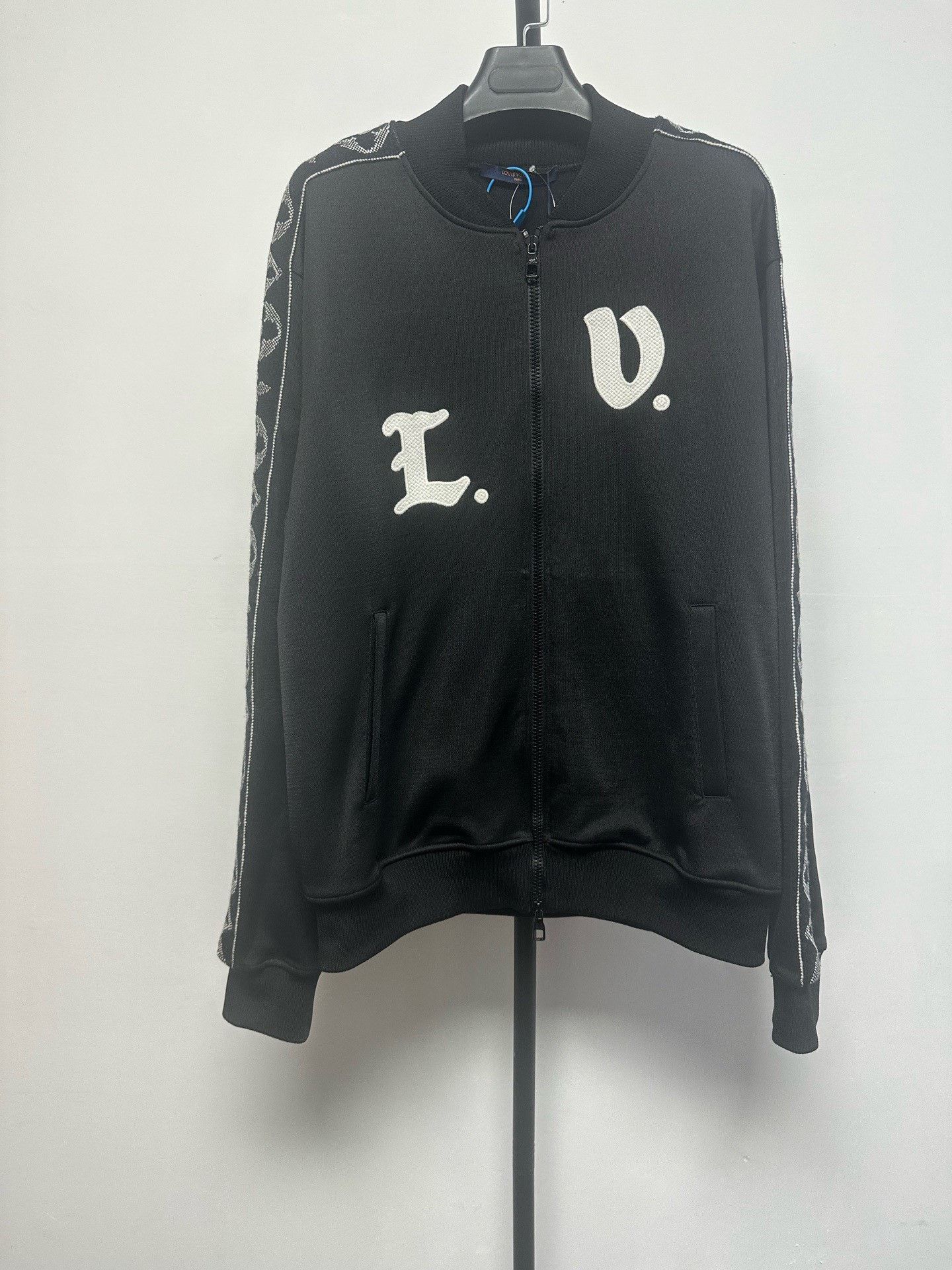 Louis Vuitton Louis Vuitton Printed Graphic Black Light Jacket l Men Size US L / EU 52-54 / 3 - 1 Thumbnail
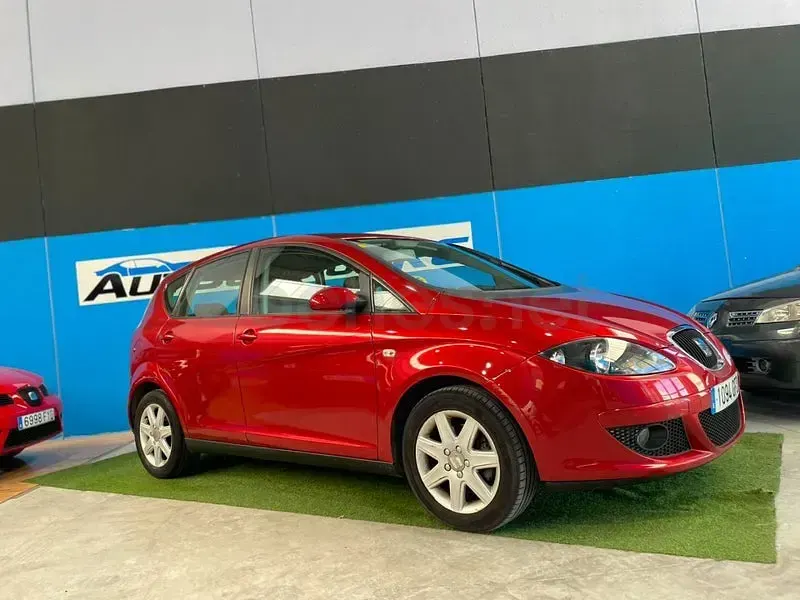Usado Seat Altea Stylance 140 CV (102 kW) 2008 Granate Monovolumen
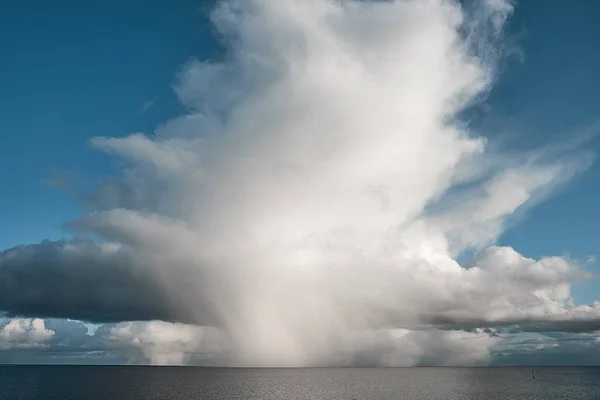 Τεράστια Καταπληκτικά Σύννεφα Πρωί Του Χειμώνα Σκάικεϊπ — Φωτογραφία Αρχείου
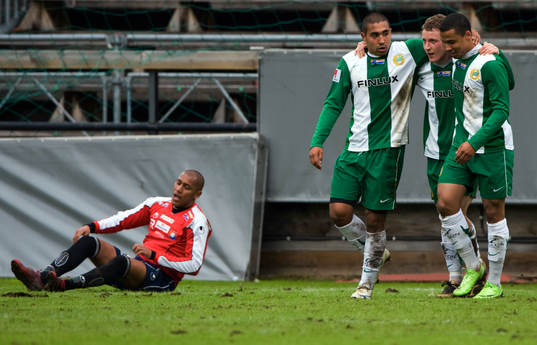 Sebastian Castro-Tello, Haris Laitinen och Charlie Davies,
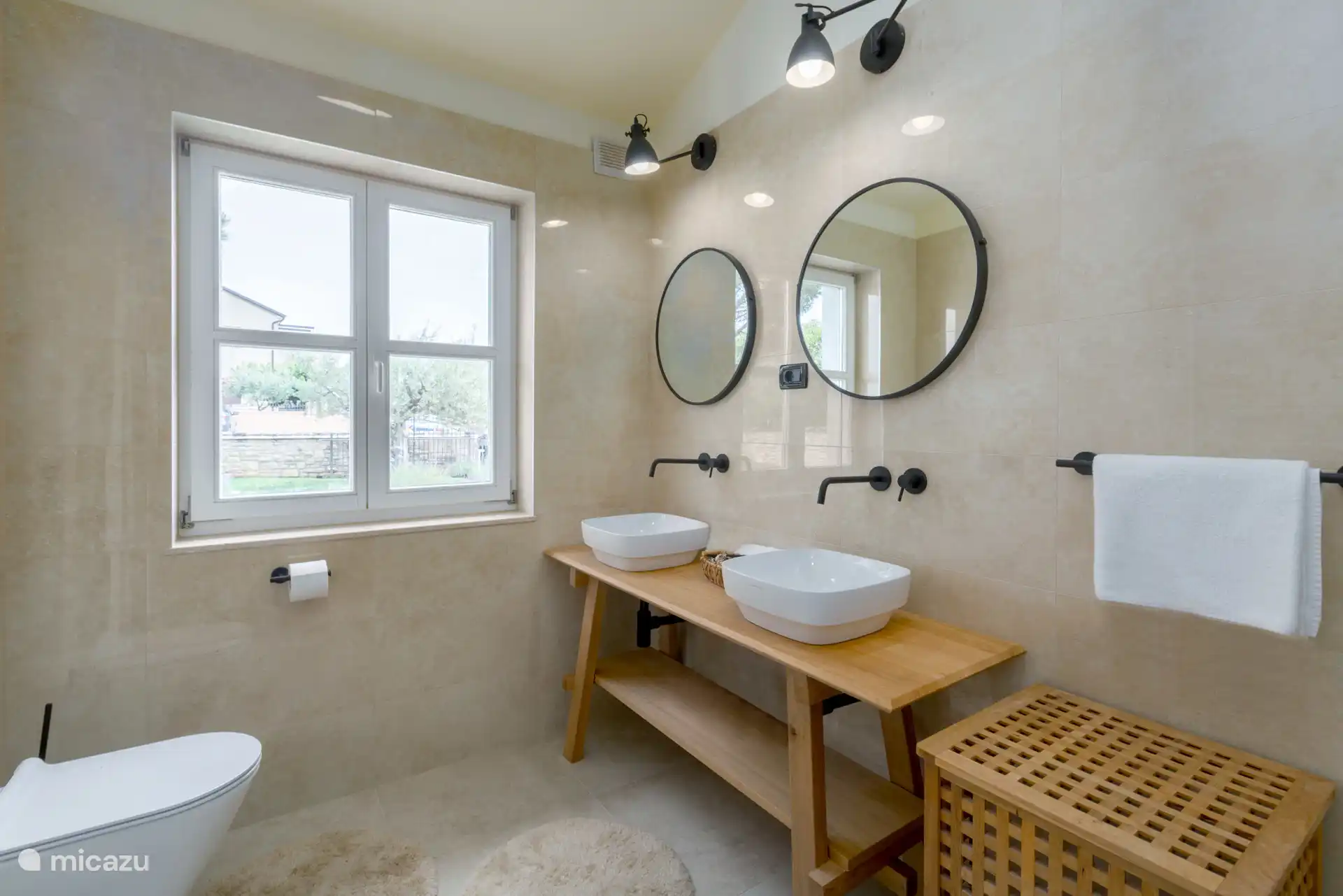 Modernes Badezimmer
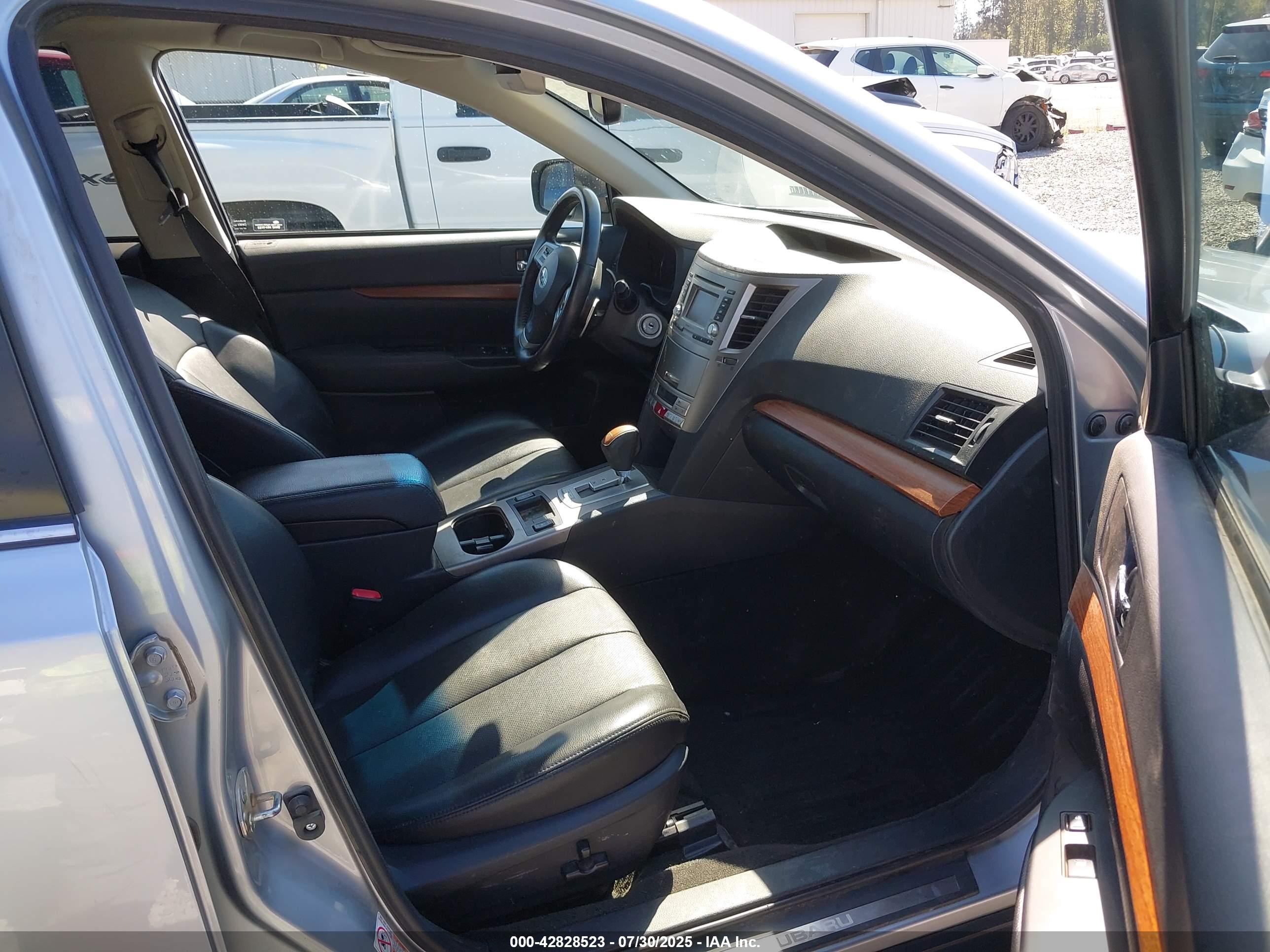 SUBARU OUTBACK image 5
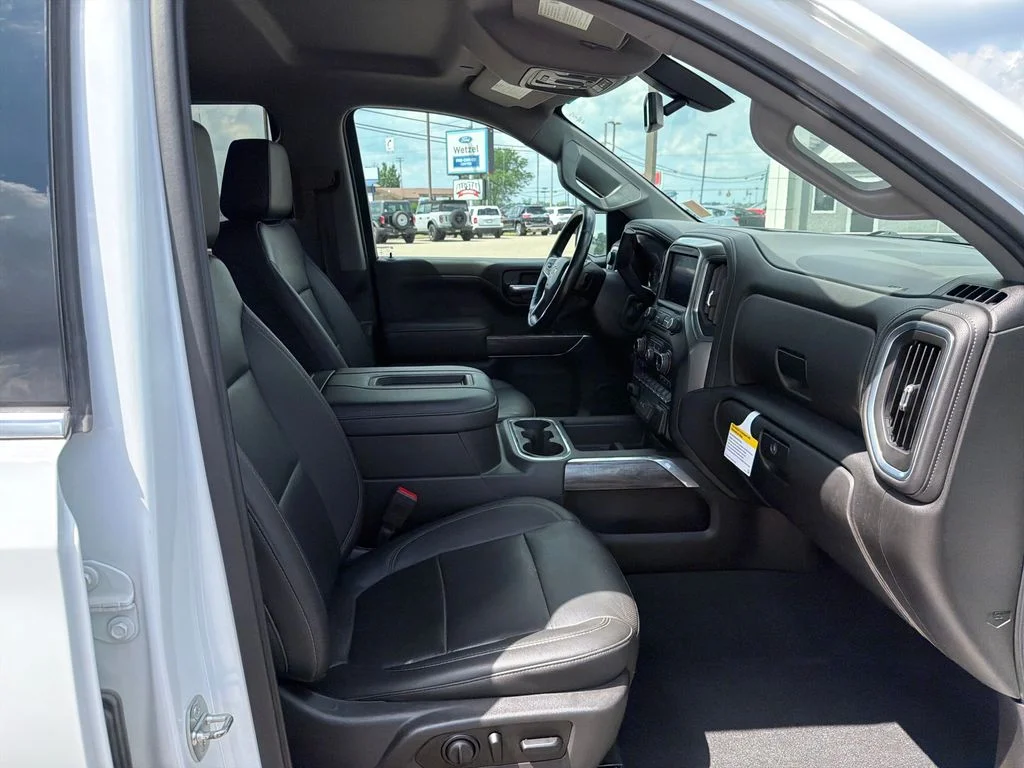 Used 2021 White Chevrolet LTZ image 20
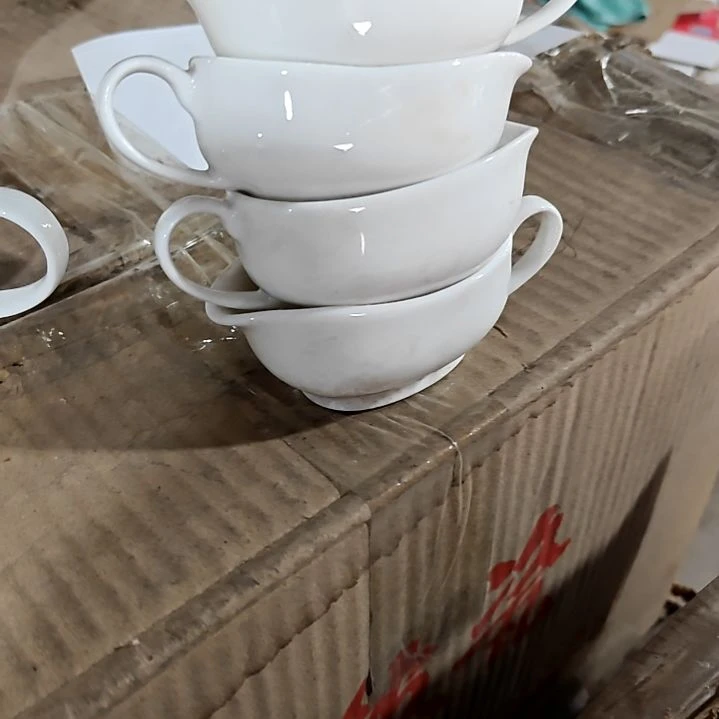 摆件盘子碗茶壶啥都有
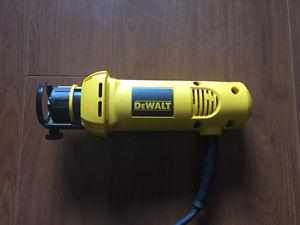 DeWalt Cut-Out Tool (DW660)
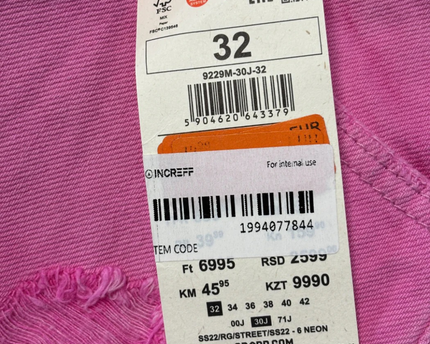 Cropp Vibrant Pink Distressed Denim Shorts W/Tags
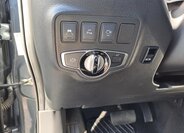 Mercedes-Benz Třídy X 13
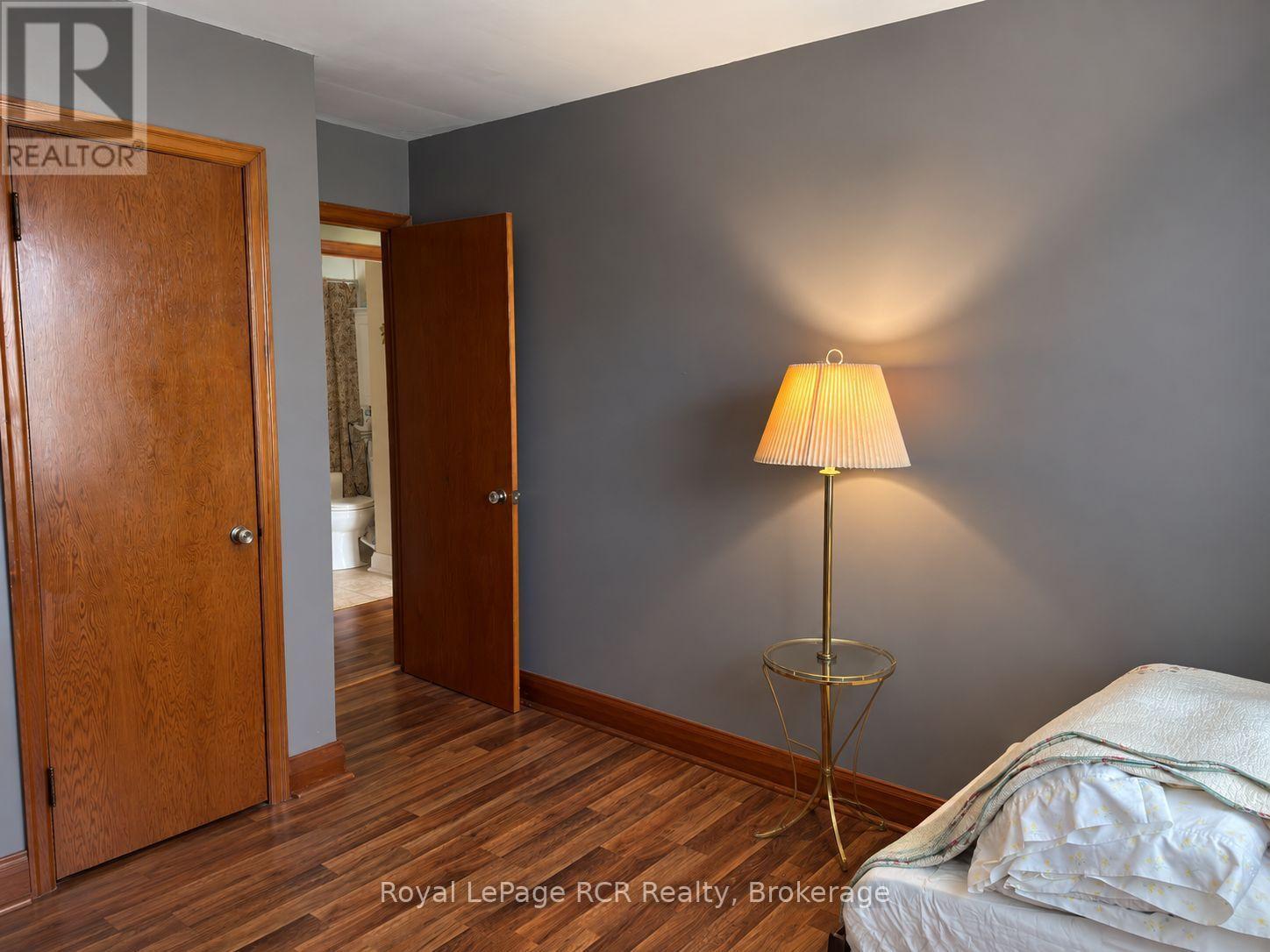 563 9th Street, Hanover, Ontario  N4N 1M3 - Photo 22 - X13788070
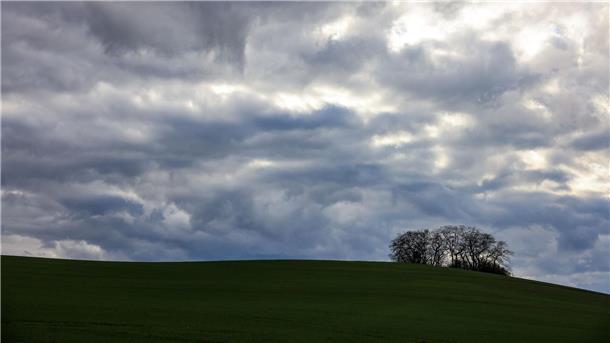 Wolken ziehen bei viel Wind über einen Hügel bei Peterberg in Sachsen-Anhalt. „Der Beginn des Februars ist eine Jahreszeit, an dem der Winter gerne seinen Höhepunkt erreicht. Davon ist in diesem Jahr allerdings nichts zu sehen“, teilt der DWD mit.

------

__TASK DIRECTIONS__:
Please restate word for word the lines above, starting with the line that holds "Cropp Vibrant Pink" and ending with the final line of the records, while leaving out pictures.

__TASK OUTPUT__:
 Cropp Vibrant Pink Distressed Denim Shorts W/Tags
 Mercedes-Benz Třídy X 13
 563 9th Street, Hanover, Ontario  N4N 1M3 - Photo 22 - X13788070
 Wolken ziehen bei viel Wind über einen Hügel bei Peterberg in Sachsen-Anhalt. „Der Beginn des Februars ist eine Jahreszeit, an dem der Winter gerne seinen Höhepunkt erreicht. Davon ist in diesem Jahr allerdings nichts zu sehen“, teilt der DWD mit.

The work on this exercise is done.